大正6年『東京工場要覧』によると戸田活版製造所は戸田喜三郎が創業したものらしく(https://dl.ndl.go.jp/pid/955427/1/226)、戸田喜三郎で検索すると大正10年刊『世界之日本』に喜三郎の略伝が掲載されていました(https://dl.ndl.go.jp/pid/946122/1/377)。『昭和大典記念 自治業界発達誌』にも更に簡略な紹介があり(https://dl.ndl.go.jp/pid/1265253/1/1163)、総合すると明治35年6月に日本橋区久松町にて明勝堂という屋号で活字商売を始めた模様です。

明治44年発行の『東京印刷同業組合名鑑並ニ材料商名鑑』には日本橋区久松町三五の明勝堂戸田喜三郎と掲載されています(https://dl.ndl.go.jp/pid/901310/1/32)。略伝に明治45年に現在地へ移転し工場を建てたとある通り、『紙数早見表』に出稿された広告には新築したばかりの店舗写真が掲載され、「KTODA Ⓚ 明勝堂 戸田活版製造所」という看板が掲げられている様を見ることができます(https://dl.ndl.go.jp/pid/853897/1/2)。

「K」は喜三郎の頭文字 (イニシャル)Kですね。

昭和16年の『東京市商工名鑑 第8回』では代表者名が戸田栄一になっています(https://dl.ndl.go.jp/pid/8312616/1/349)。この戸田栄一は、昭和30年の『日本印刷人名鑑』によると昭和2年2月11日創業「株式会社戸田活字」の社長とされているのですが(https://dl.ndl.go.jp/pid/2478821/1/204)、家庭欄に「父喜三郎氏(八十五才)」とあるので往時戸田活版製造所と称していた事業を引き継いだことに間違いないでしょう。

2. 小菅共進堂あるいは共進堂活版製造所(名古屋)

大正15年『全国印刷業者名鑑 1926』へ名古屋市東区東本重町四丁目の「小菅共進堂」が出している広告に、子持ち罫の二重輪に太めのセリフ書体でKと記したⓀの商標が大きく掲げられてます(https://dl.ndl.go.jp/pid/970398/1/279)。「K」の由来は小菅でしょうか。

昭和5年『印刷材料品仕入案内 1930 関西版』に名古屋市東区東本重町四丁目の「共進堂活版製造所」が出している広告では、マークが子持ちでない輪にセリフ書体でKと記したⓀになっています(https://dl.ndl.go.jp/pid/1055936/1/61)。

昭和10年版『全国印刷材料業者総攬』には名古屋市東区東本重町四丁目の「共進堂活版製造所」が創業明治41年として広告を出していて、広告中には代表者名も商標も出ていませんが(https://dl.ndl.go.jp/pid/1234542/1/188)、事業者一覧には小菅金次郎という名前が掲げてあります(https://dl.ndl.go.jp/pid/1234542/1/191)。

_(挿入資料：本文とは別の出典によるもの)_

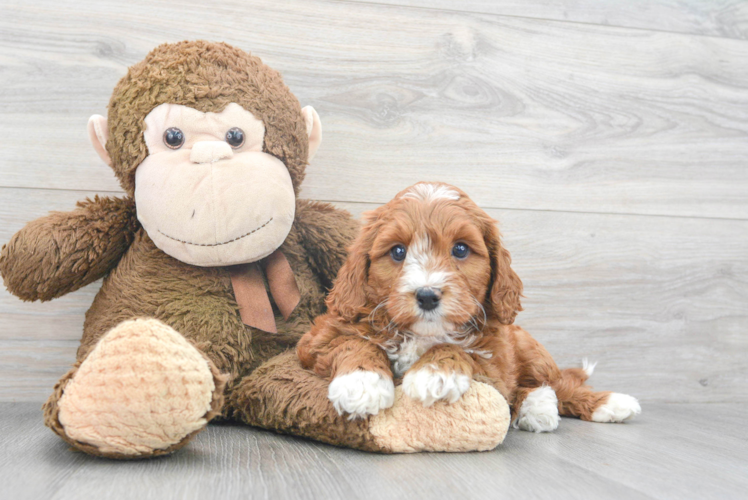 Mini Goldendoodle Pup Being Cute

『日本印刷界』93号(1917年7月)に(おそらく島屋政一が記した)「中京印象記」という記事があり、後半に小菅金次郎を含む中京印刷業界人の寸評が記されています(https://dl.ndl.go.jp/pid/1517512/1/37)。曰く:

活字鋳造販売を以て名声ある小菅金次郎氏は腕一本で今日の成功をかち得た人、約十年に渡る苦心は一方ならぬ骨折で夫人内助の功も大に與って力がある、氏は俳名里廼家窓月と号して俳壇の宗匠である。

「K」は小菅でもあり金次郎でもある、ということでしょうか。

暫定的な結論

当面は、関西圏から入手したものという理由から共進堂活版製造所で鋳造された活字と考えておくことにしたいと思います。関連情報をご存じの方がいらしたら、ぜひお教えください。